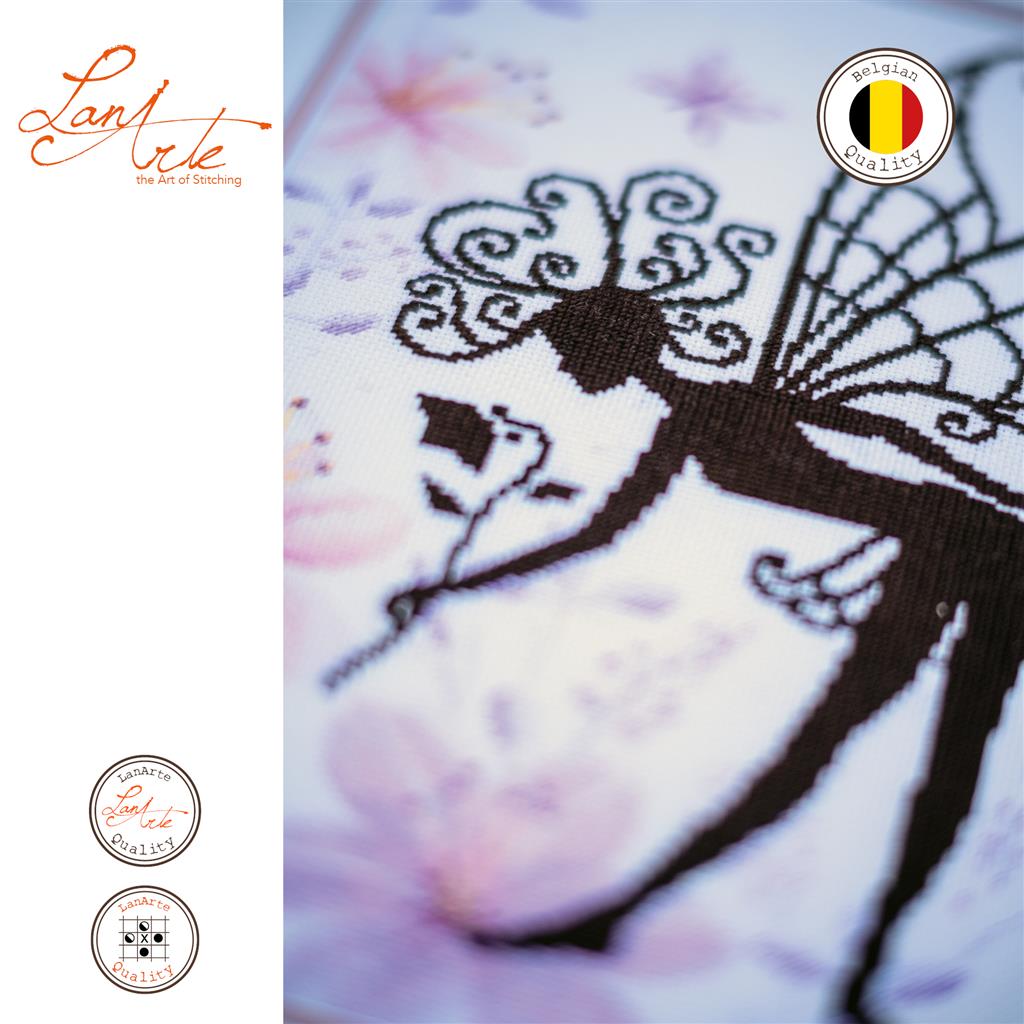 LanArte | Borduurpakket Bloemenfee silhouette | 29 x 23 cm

○ ○ ○ ○

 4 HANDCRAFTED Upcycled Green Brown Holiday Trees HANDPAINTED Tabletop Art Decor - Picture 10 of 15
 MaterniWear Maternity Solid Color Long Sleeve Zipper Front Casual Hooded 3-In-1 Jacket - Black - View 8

○ ○ ○ ○

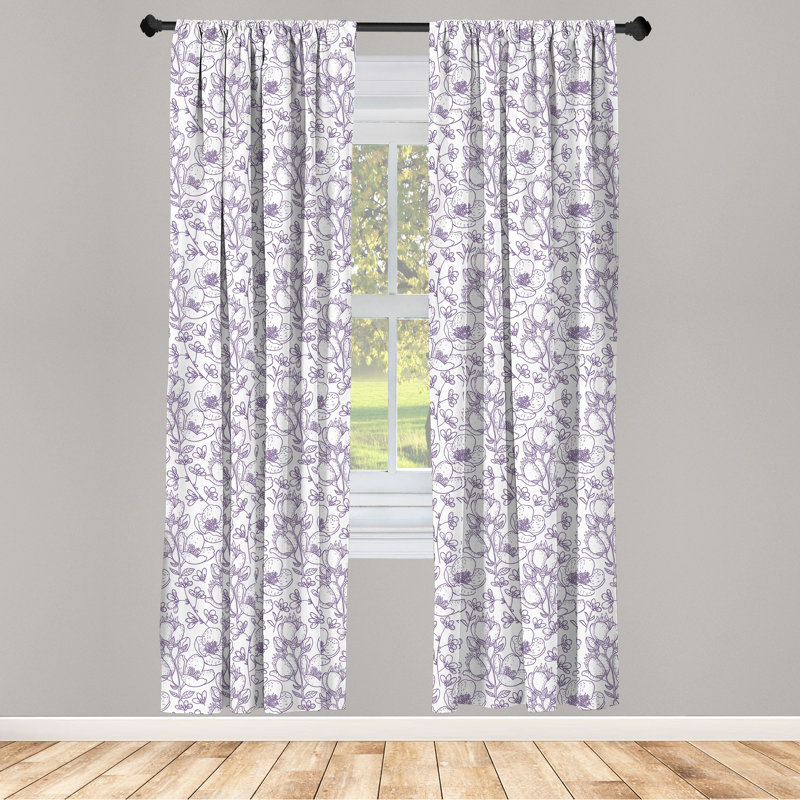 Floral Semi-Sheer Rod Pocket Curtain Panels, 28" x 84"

○ ○ ○ ○

→ Task statement
Would you copy, unchanged, the stretch of the records above that begins at the line containing "4 HANDCRAFTED Upcycled" and ends at the line containing "MaterniWear Maternity Solid", and only that?

→ Answer to the exercise
 4 HANDCRAFTED Upcycled Green Brown Holiday Trees HANDPAINTED Tabletop Art Decor - Picture 10 of 15
 MaterniWear Maternity Solid Color Long Sleeve Zipper Front Casual Hooded 3-In-1 Jacket - Black - View 8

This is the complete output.